Comme des enfants de choeur
Lancement de la campagne électorale municipale sur fond de polycrise

Je me suis rendue dimanche dernier au Vieux-Montréal, plus précisément au parc sur la rue Notre-Dame, juste en face de l’Hôtel de Ville, pour le lancement de campagne de l’équipe d’Ensemble Montréal. Je serais aussi allée au lancement de Projet Montréal, qui s’est tenu mercredi, de l’autre côté de l’Hôtel de Ville, si ce n’était pas d’un mandat qui me retenait à Québec.
De toute façon, la mise en scène est toujours la même. Une journée qu’on espère ensoleillée; un lieu significatif pour la suite des choses; des personnes vêtues de qu’on appelait autrefois leurs « habits du dimanche », placées en rangs sur des gradins derrière leur chef qui parle dans un micro en indiquant d’un grand geste du bras les personnes souriantes derrière lui.
Une démonstration de force et de vitalité, une expression collective d’une volonté de servir et d’optimisme que les solutions sont à portée de main, qu’enfin, la ville ira mieux.

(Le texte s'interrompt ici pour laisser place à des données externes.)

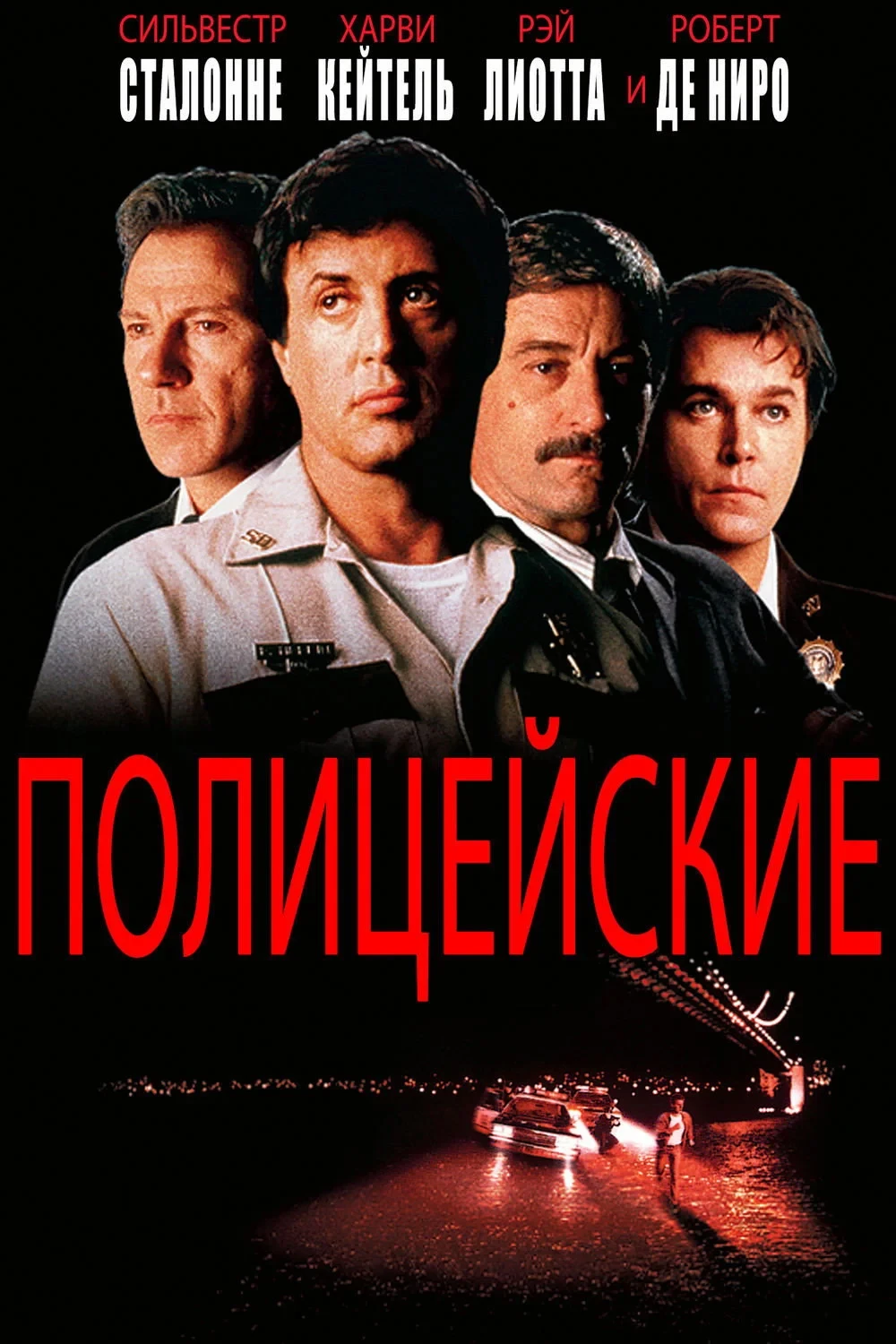 Постер фильма Полицейские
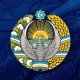 1992 – The Law on the State Emblem of the Republic of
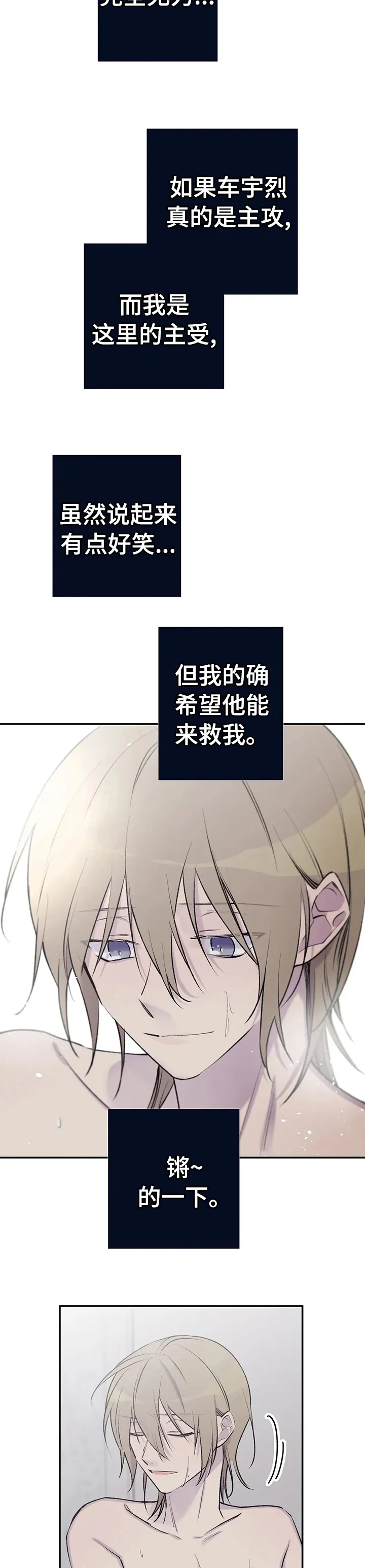 男人高超自述小说漫画,第100章：老狐狸3图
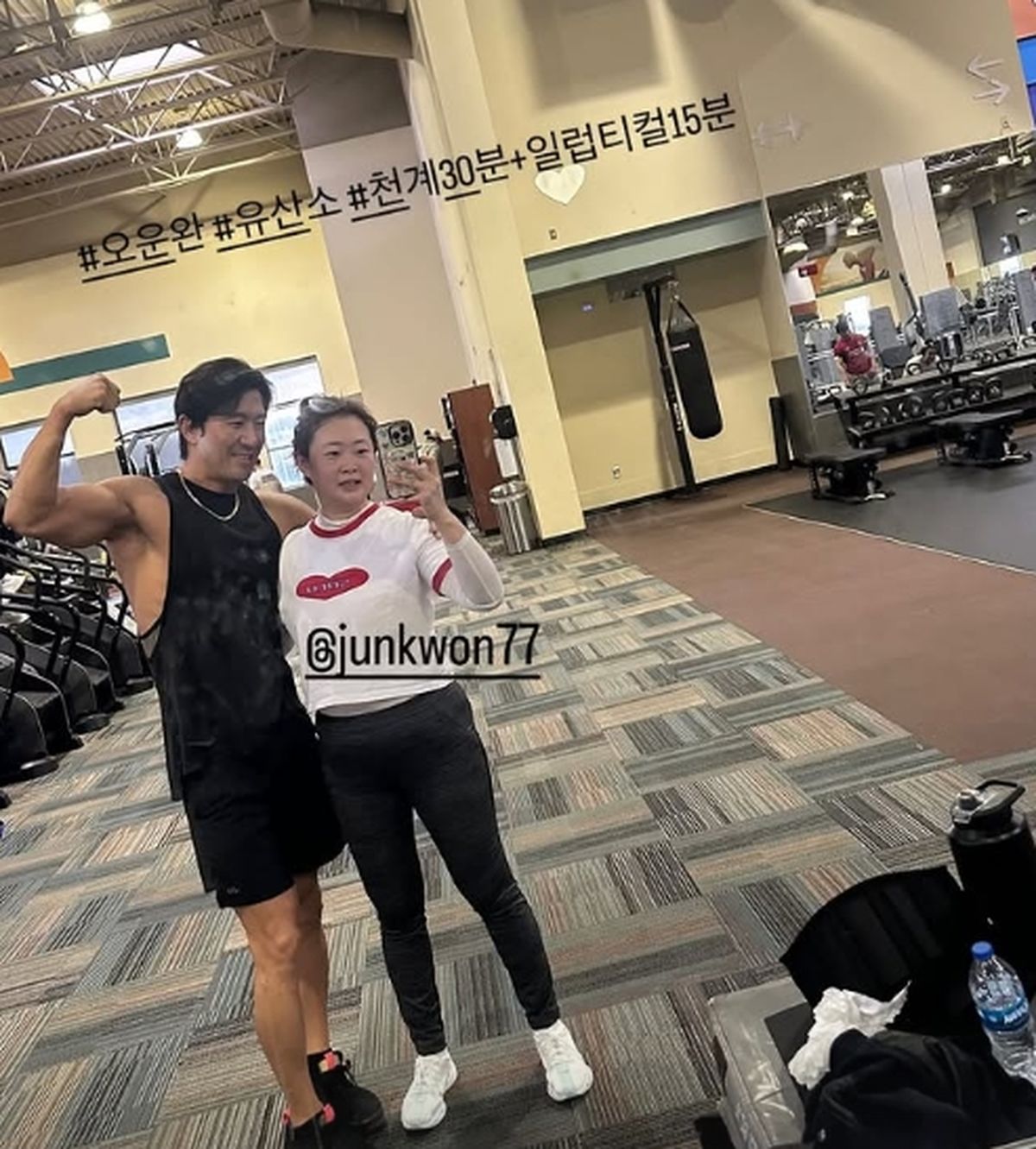 ‘나솔 22기’ 정숙, 3번째 결혼 후 미국서 신혼생활... 10기 상철과 헬스장 데이트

C’est possiblement mon parcours en musique et mon amour pour cet art qui font que je me surprends, malgré l’absurdité de la chose, à m’impatienter qu’ils se mettent enfin à chanter, alignés en rangées comme ils le sont derrière leur chef.
« Vous connaissez la chanson ! » dit-on parfois, en parlant de nos femmes et hommes politiques. Et puis, « attendez qu’ils déchantent ! » — je ne suis donc pas seule à y associer la métaphore.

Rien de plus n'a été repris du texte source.